For each line below, check for the word "Shirt", then state how many lines contain it, with no other output.
___
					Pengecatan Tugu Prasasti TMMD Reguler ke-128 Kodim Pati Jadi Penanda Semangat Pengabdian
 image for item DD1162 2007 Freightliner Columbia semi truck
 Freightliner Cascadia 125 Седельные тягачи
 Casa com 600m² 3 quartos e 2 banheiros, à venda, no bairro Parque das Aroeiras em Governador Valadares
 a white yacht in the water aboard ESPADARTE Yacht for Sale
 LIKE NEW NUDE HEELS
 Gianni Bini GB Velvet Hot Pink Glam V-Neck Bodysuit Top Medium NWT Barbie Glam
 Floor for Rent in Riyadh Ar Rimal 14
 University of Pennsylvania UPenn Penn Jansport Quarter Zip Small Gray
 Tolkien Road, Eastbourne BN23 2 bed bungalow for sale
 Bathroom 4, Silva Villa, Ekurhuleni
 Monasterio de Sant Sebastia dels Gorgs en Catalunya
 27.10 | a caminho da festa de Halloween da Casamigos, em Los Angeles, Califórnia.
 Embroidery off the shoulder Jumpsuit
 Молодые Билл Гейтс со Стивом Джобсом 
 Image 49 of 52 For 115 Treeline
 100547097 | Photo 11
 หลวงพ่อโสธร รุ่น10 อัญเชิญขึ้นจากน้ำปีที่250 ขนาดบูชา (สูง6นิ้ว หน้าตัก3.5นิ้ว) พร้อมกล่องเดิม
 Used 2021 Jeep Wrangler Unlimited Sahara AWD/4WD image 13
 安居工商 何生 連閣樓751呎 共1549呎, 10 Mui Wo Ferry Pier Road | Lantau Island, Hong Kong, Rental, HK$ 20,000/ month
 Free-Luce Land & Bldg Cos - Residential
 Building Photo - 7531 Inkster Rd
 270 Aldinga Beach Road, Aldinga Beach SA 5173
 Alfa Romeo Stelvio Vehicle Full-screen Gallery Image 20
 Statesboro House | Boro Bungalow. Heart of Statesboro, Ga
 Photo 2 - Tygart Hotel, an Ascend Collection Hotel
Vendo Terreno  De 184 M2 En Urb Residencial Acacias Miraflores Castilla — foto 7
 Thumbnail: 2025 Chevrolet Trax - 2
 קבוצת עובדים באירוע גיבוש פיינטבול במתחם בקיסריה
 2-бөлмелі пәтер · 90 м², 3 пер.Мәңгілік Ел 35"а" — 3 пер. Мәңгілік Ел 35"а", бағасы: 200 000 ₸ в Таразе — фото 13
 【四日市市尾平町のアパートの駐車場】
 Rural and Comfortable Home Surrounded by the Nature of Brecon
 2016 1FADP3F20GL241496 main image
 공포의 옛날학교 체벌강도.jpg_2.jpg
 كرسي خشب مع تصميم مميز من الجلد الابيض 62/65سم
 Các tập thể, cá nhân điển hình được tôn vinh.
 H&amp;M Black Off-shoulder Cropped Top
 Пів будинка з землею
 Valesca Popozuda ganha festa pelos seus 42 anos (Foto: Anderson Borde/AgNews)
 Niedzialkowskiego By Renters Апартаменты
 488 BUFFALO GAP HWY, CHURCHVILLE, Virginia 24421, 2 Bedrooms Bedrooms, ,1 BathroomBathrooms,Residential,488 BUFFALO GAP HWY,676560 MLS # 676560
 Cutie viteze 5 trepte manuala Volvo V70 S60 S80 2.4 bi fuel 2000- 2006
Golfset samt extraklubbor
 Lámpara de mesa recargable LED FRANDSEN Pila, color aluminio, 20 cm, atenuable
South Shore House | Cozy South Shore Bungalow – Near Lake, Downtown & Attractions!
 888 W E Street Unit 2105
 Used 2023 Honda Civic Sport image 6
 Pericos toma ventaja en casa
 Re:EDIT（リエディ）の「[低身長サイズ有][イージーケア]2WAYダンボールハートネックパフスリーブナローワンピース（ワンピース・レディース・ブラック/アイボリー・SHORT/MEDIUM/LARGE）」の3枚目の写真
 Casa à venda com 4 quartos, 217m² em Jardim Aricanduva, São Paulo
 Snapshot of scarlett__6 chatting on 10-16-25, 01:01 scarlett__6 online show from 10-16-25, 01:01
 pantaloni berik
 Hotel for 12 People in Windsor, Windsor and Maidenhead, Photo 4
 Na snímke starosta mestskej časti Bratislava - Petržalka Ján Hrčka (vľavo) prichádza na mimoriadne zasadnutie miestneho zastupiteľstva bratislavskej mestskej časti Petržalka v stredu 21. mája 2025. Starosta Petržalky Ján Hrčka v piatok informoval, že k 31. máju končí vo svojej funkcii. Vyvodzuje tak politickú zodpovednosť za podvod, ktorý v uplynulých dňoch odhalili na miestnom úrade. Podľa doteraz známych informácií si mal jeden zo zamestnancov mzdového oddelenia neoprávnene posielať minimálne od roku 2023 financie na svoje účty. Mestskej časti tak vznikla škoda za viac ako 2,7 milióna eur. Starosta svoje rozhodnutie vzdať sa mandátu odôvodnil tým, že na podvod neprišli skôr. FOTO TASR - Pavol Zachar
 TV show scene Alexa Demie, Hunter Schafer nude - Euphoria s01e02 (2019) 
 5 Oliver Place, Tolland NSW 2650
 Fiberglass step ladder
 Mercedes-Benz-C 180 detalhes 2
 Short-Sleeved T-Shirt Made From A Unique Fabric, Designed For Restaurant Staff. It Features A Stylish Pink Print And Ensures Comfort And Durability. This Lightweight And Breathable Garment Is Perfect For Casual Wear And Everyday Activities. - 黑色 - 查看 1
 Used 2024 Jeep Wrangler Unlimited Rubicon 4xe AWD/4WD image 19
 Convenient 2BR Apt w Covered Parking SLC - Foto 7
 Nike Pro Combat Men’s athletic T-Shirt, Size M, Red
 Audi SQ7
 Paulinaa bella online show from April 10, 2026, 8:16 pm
___
Task output:
2